**Task to complete**
Lines from the one containing "ajsocal_'s tweet photo." through the end of the entries below: set them down exactly, both ends included, with nothing added.

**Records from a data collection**
________________________________________

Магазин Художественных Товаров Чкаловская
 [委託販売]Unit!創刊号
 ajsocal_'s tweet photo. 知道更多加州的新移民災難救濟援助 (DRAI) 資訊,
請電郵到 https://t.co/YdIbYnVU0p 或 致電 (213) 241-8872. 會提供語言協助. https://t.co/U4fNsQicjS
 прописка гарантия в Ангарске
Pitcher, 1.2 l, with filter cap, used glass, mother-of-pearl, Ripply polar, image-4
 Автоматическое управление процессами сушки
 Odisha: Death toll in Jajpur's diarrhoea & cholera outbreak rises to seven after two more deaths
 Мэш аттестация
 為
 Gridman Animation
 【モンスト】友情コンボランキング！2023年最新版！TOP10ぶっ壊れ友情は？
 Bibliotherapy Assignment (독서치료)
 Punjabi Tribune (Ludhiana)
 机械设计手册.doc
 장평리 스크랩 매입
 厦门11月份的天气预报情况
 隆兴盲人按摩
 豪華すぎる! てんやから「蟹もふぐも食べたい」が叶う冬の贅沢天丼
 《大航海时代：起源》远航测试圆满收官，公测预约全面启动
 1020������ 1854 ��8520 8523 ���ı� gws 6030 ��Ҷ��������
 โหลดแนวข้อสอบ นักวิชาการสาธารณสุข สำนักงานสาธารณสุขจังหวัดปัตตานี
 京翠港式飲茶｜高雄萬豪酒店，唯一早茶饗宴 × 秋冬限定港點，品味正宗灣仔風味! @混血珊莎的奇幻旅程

________________________________________

**Your response**
 ajsocal_'s tweet photo. 知道更多加州的新移民災難救濟援助 (DRAI) 資訊,
請電郵到 https://t.co/YdIbYnVU0p 或 致電 (213) 241-8872. 會提供語言協助. https://t.co/U4fNsQicjS
 прописка гарантия в Ангарске
Pitcher, 1.2 l, with filter cap, used glass, mother-of-pearl, Ripply polar, image-4
 Автоматическое управление процессами сушки
 Odisha: Death toll in Jajpur's diarrhoea & cholera outbreak rises to seven after two more deaths
 Мэш аттестация
 為
 Gridman Animation
 【モンスト】友情コンボランキング！2023年最新版！TOP10ぶっ壊れ友情は？
 Bibliotherapy Assignment (독서치료)
 Punjabi Tribune (Ludhiana)
 机械设计手册.doc
 장평리 스크랩 매입
 厦门11月份的天气预报情况
 隆兴盲人按摩
 豪華すぎる! てんやから「蟹もふぐも食べたい」が叶う冬の贅沢天丼
 《大航海时代：起源》远航测试圆满收官，公测预约全面启动
 1020������ 1854 ��8520 8523 ���ı� gws 6030 ��Ҷ��������
 โหลดแนวข้อสอบ นักวิชาการสาธารณสุข สำนักงานสาธารณสุขจังหวัดปัตตานี
 京翠港式飲茶｜高雄萬豪酒店，唯一早茶饗宴 × 秋冬限定港點，品味正宗灣仔風味! @混血珊莎的奇幻旅程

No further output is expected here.